No one in Tokyo is without a brolly. The joy of it is that they are on sale every 10 metres or so along the main routes through any sort of shop imaginable - smart beauticians, newsagents, cigarette stalls ... The brollies come in a wide range of colours and circumferences and for £ 3 or
£ 4 you can buy a great looking one - with cats, hearts, plain, see-through, neon coloured - the choice is yours. The great thing is that if the sun comes out and it's a nuisance to carry, you can leave it on the side of the pavement in the knowledge that it will still be there tomorrow - unless of course, it rains - then someone else will recycle it for you! I love this place.

Sunday, August 23, 2009

Welcome to Tokyo!











After much anticipation we arrived early on a Friday morning having flown overnight from London. Our first impressions were - 'Good, there's a Starbucks' which, if you remember from our China Blog, is always a good start to any of our adventures.


Our temporary home is excellent. It's a fully furnished, fully serviced apartment in the heart of Tokyo and we are very happy here. We are surrounded by restaurants, shops and interesting things to see and do - never a dull moment.


Our first challenge is to go house hunting - more on that later.


Recycling is a BIG deal here and in our particular Ward (or Ku) we have to separate combustible, non combustible, cans, glass and foil. You do this in your home and anywhere outside. It takes forever to leave Starbucks - decisions about whether the rubbish will burn or not seems to be a bit arbitrary so I am sure there is major confusion even amongst the native Tokyo-ans!

The house hunting has gone well. We have found just the place. The decisions were many as the choice was large. Would we go for a house or an apartment? Which part of the city would be best? Having made one decision a number of others followed; we saw Japanese style houses (very charming but a little on the low side for one of us...) , colonial style houses (OK but very large and there seemed always to be 'an issue') apartments on the lower floors of low rise blocks (safer in an earthquake, we have been told) or apartments on the higher floors of high rise blocks (I saw something absolutely astounding on the 29th floor...). We have gone for none of the above. We saw and fell immediately for a maisonette that is on the 9th and 10th floors of a 12 floor block. It faces south so there is so much light; it has floor to ceiling windows in the front of the apartment so the view is tremendous - even from the bathroom - note to self: must get curtains sorted! Move in date is 11th September.

We braved the Metro and went to see our first Festival last weekend.
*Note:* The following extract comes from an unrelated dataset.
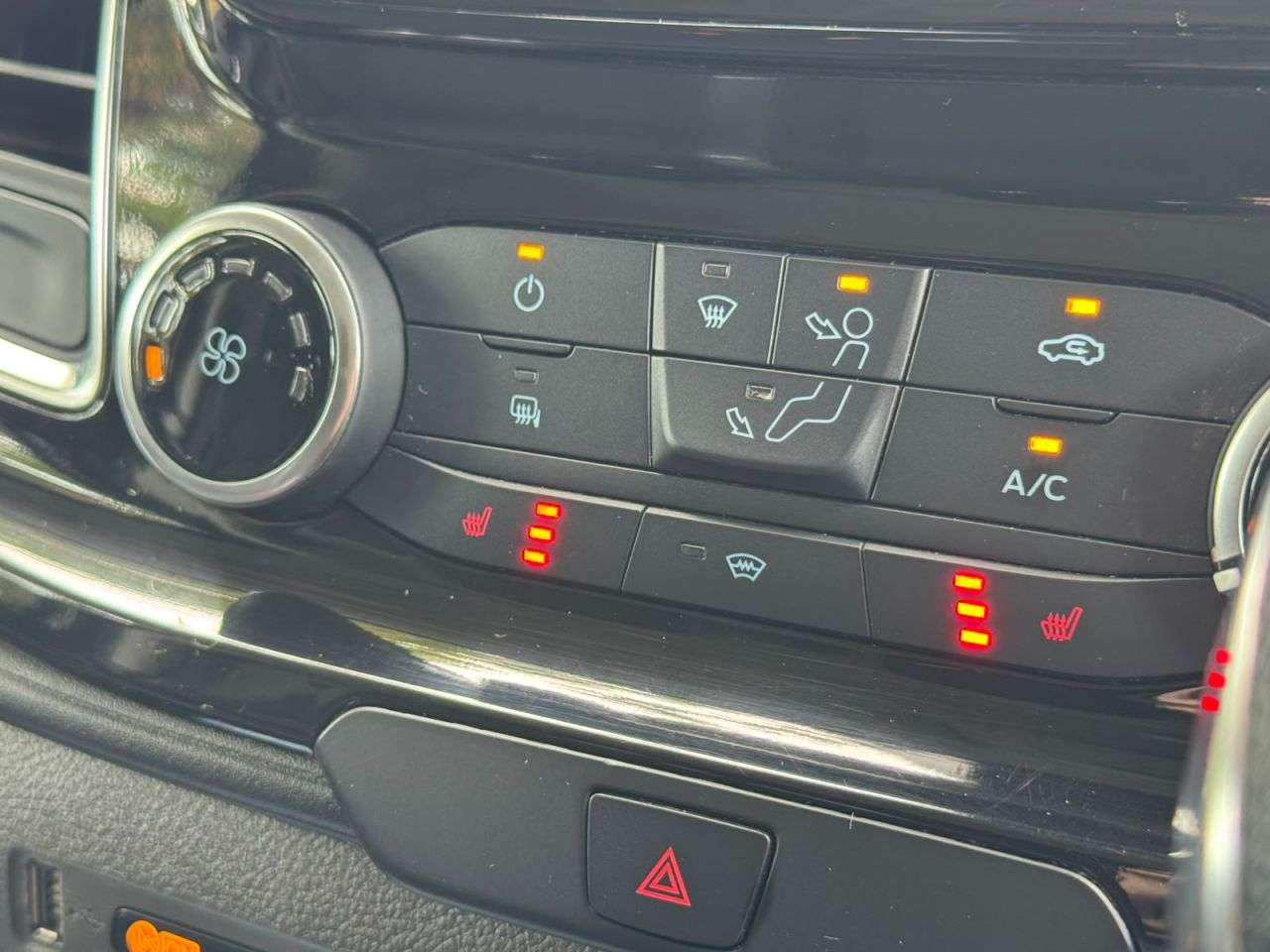 2019 FORD TRANSIT CUSTOM 2019 FORD TRANSIT CUSTOM
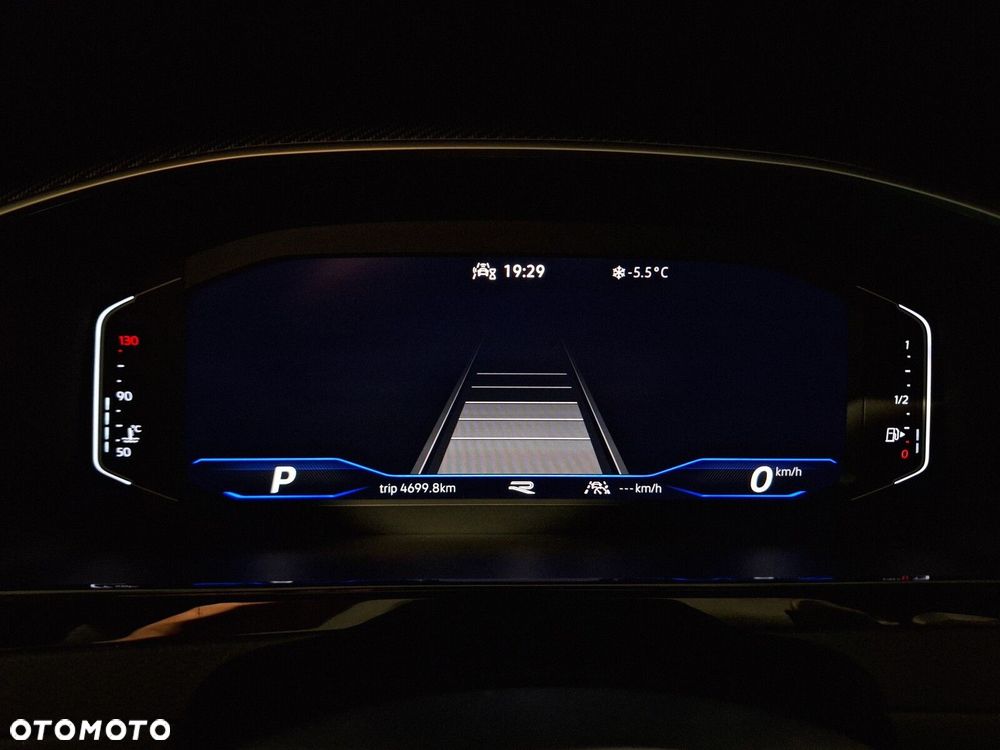 Volkswagen Arteon 2.0 TSI R-Line DSG - 21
The metro was a delight - very clean and light but the signage could do with a little help - what there is, is in two languages which is great but some of the more important signs are not there - like, where now?!

The festival was hot, humid, packed and lively. There were thousands of stalls selling food from everywhere in the world but it was soooo busy that it was difficult to move around. We grabbed a bit of bar b q meat and headed back to the civilisation that is Shibuya! (Another packed area of Tokyo.... come to think of it, it's a very busy place!)


We have used our first vending machine - very big in Japan. They sell almost anything from drinks to food to cigarettes and they all work efficiently! They are on every street corner and in between too. One more tick in the 'Things to do in Japan' box!

The Alien Registration was smooth and efficient thanks to our lovely HR lady, Mariko, and the wonderful efficiency and helpfulness of the Japanese. We came away with books and maps and lots of other information which is absolutely necessary for foreigners here. There's a lot about recycling......

It's all gone well and it looks like a pretty good start!